About this task ▸ The listing below should be written out word for word, with its pictures removed.

Source material ▸
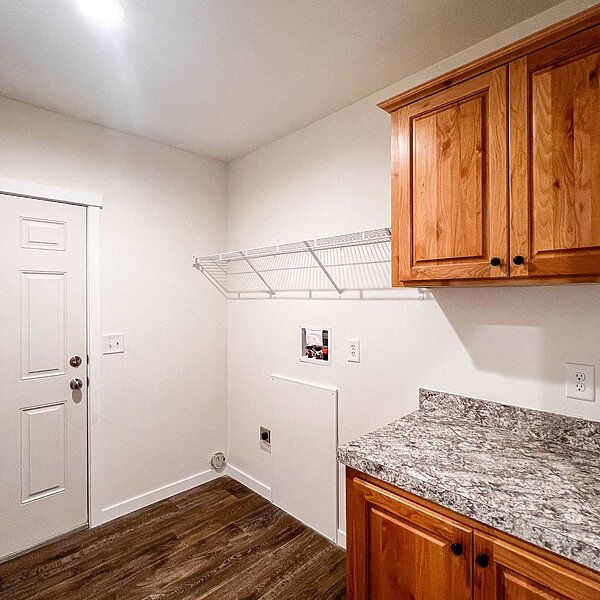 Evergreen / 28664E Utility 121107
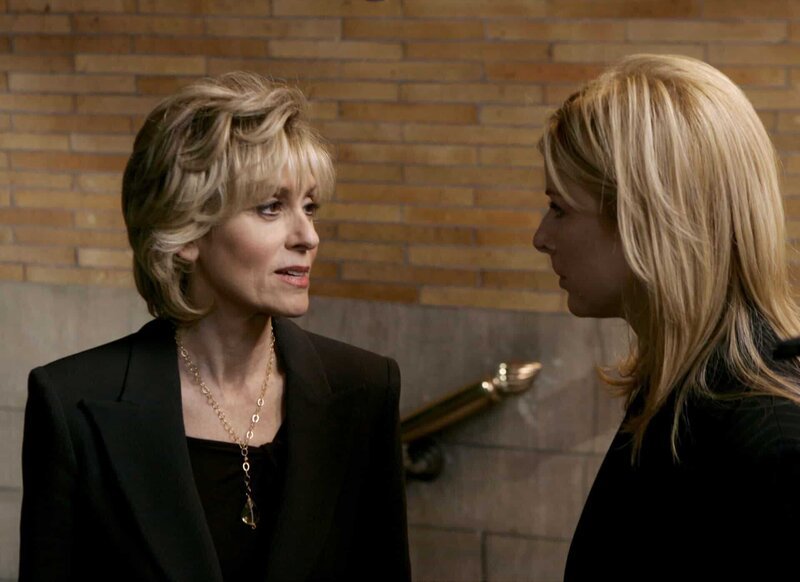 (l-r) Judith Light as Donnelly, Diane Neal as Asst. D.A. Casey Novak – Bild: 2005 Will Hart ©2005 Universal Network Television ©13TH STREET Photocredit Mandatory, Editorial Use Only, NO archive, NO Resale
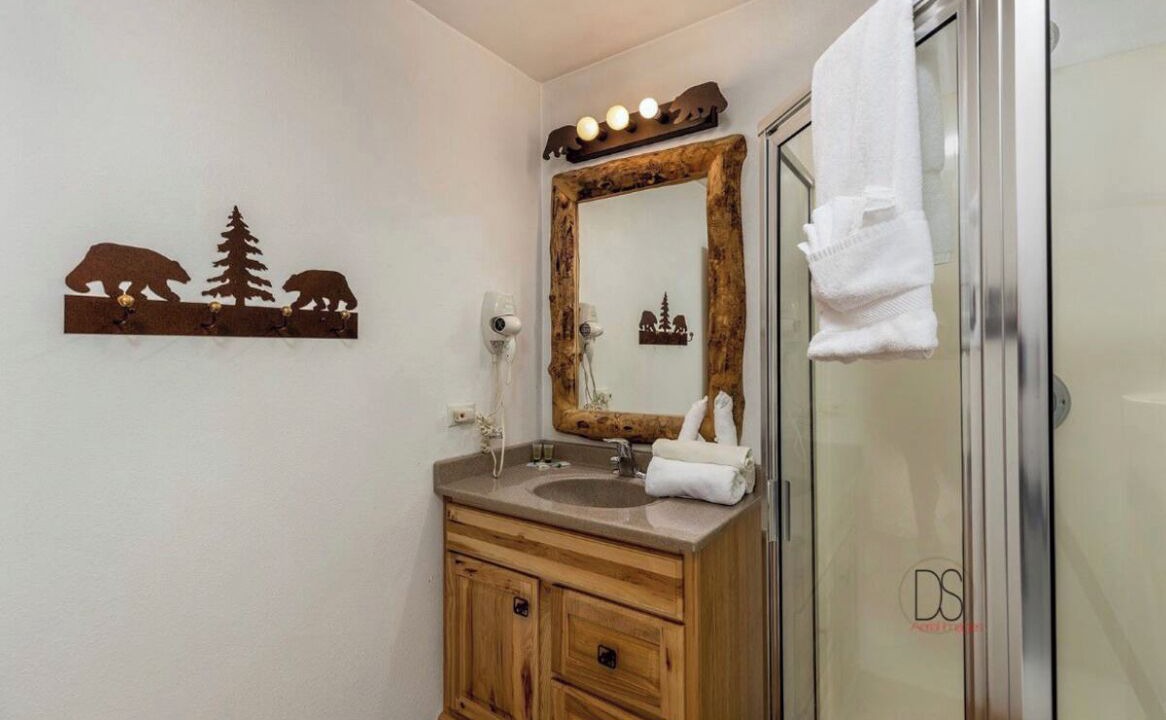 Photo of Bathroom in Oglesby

Written answer ▸
 Evergreen / 28664E Utility 121107
 (l-r) Judith Light as Donnelly, Diane Neal as Asst. D.A. Casey Novak – Bild: 2005 Will Hart ©2005 Universal Network Television ©13TH STREET Photocredit Mandatory, Editorial Use Only, NO archive, NO Resale
 Photo of Bathroom in Oglesby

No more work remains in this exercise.